A salutare Lello Stillitano, volto storico e figura simbolo di quella che oggi viene chiamata Polizia Locale di Vibo Valentia, un suo ex collega che ha inviato alla nostra redazione una “lettera amichevole” che pubblichiamo integralmente.
Giunto alla veneranda età……avrei potuto, per artificio, affidare il tutto alla fredda, meccanica e “scunchjiusa” “ricostruzione dell’intellighentia artificiale, per un personale commento alla quiescenza del collega “Raffaele Stillitano”, la quint’essenza del “vigile urbano”, assurto alla conoscenza nazionale per tramite dell’intramontabile Albertone “Otello” magistralmente diretto da Luigi Zampa. La differenza sostanziale tra Otello e Lello è netta; un limite invalicabile tra il bisogno del primo e la passione del secondo segnano il passo, confermato e ribadito dal tempo che scorre, di un professionista che, scevro da clamore ed esibizionismo, ha inequivocabilmente contribuito dall’Alpe a Sicilia all’evoluzione professionale di una categoria di lavoratori sempre costretta dalle Istituzioni ed ancora stipata dalle seppur nobili strofe di Gianni Rodari.
Lello Stillitano, professionalmente scrivendo, è tutto questo, a far data dal 27 Dicembre 1991 al 31 Dicembre 2025.
Strenuo combattente fuori dalle righe con le frecce in faretra, infallibili quanto efficaci, intrise di competenza, garbo, disponibilità e coerenza.

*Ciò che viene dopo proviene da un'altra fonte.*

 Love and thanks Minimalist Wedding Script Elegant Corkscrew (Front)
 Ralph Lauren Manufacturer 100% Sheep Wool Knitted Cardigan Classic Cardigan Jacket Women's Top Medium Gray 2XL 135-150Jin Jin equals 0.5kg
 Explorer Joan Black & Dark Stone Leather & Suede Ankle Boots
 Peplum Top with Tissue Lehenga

L’assetto formale leggasi la “divisa” è stato il Suo Vangelo che gli ha consentito di emergere costantemente, con successo, da ogni situazione che lo ha visto impegnato per compiti istituzionali.

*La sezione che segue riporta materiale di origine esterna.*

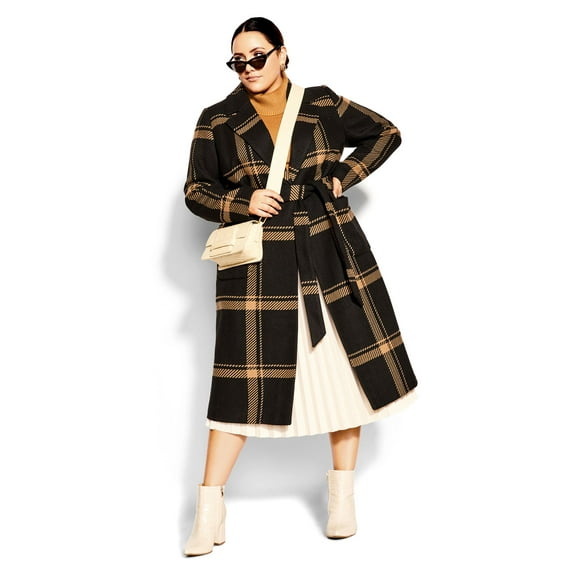 City Chic Women's Plus Size Lapel Neckline Long Sleeves Checkmate Coat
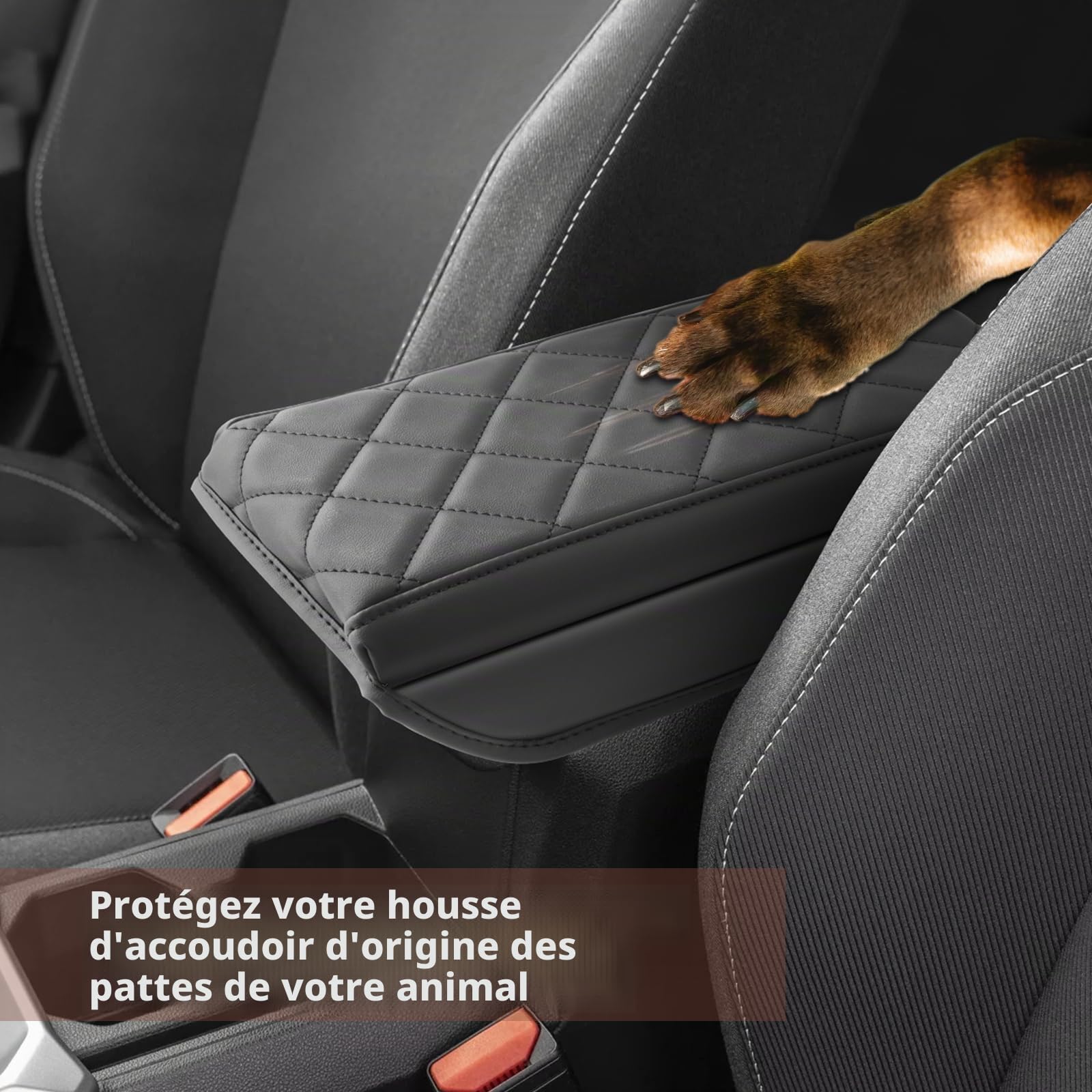 SKTU Housse d'accoudoir compatible avec Dacia Duster 3 2024 2025 avec rembourrage d'accoudoir en éponge plus épaisse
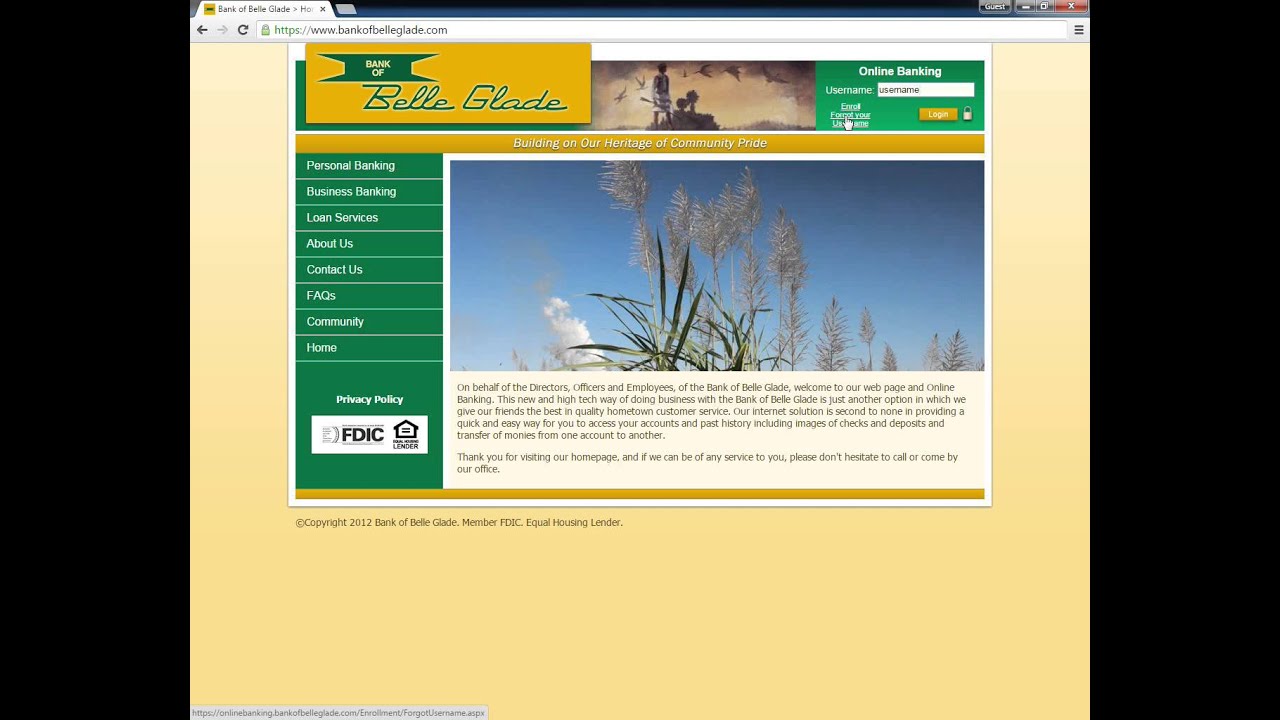 Bank of Belle Glade Online YouTube
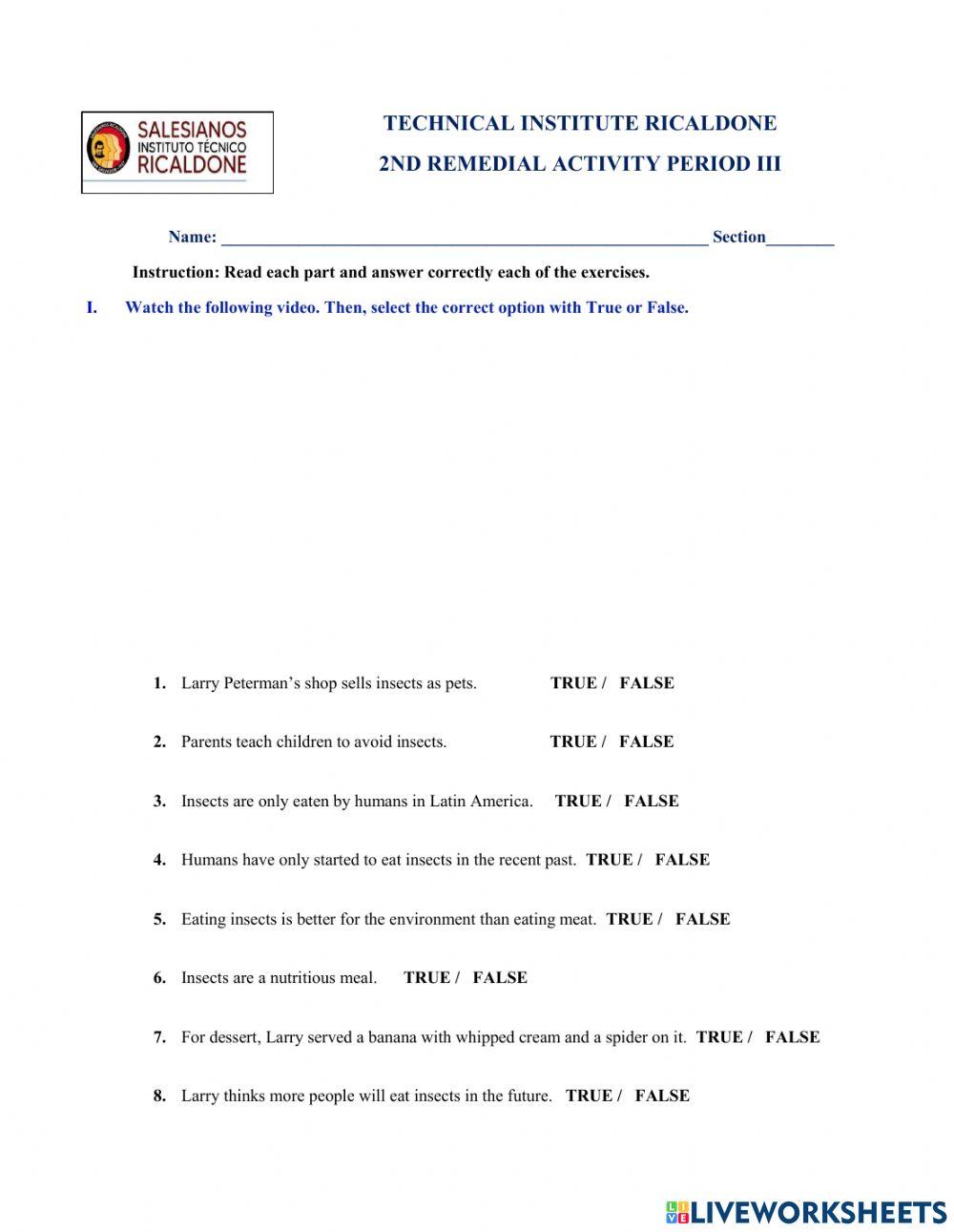 2ND REMEDIAL ACTIVITY PERIOD III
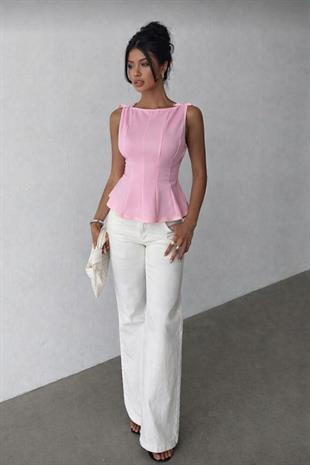 Pembe Fiyonk Detaylı Parçalı Bluz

Lello è stato lealtà, condivisone, supporto e pazienza con tutti i colleghi ai quali si è affiancato, lasciando un’eredità di valori da conservare gelosamente in uno scrigno e tirare fuori al momento opportuno.
Lello è stato strenuo difensore dei diritti altrui, valoroso “Legionario d’Italia”, osservante meticoloso delle leggi e dei regolamenti comunali, appassionato appartenete alla categoria della quale ne ha migliorato le sorti grazie anche al Suo impegno in campo sindacale.
Ho vissuto con Lui, in prima linea, nella Polizia Locale, ben 25 anni di servizio, distinti da fatica, sudore ed apprensione, ma altrettanto ricolmi di soddisfazione, nella sana convinzione di essersi spesi senza riserve e con spirito di sacrificio, per il bene comune, al servizio della Comunità Locale e non solo, considerato che, insieme, siamo stati impegnati anche fuori Comune in supporto di altri colleghi ed Enti Locali.
La semplice Multa, la Partita della Vibonese, l’Isola Pedonale, la Festa di Vibo Marina, l’Opera Sacra, L’Affruntata, i Mercati Generali, il Foro Boario, la Guardia Schede, il Consiglio Comunale, le Case Popolari, il Presidente della Repubblica, Il Papa, la Tutela del Sindaco ed altri interminabili servizi, sempre e comunque extra time, disegnano un lungo, faticoso ed entusiasmante periodo di servizio vissuto in armonia, condivisione e sacrificio.
La raggiunta e meritata quiescenza non traccia la fine di un percorso, bensi un traguardo raggiunto da un concorrente leale, preparato, puntuale e meritevolmente “VINCENTE”
Augurissimi Lello, sinceri complimenti e buona vita!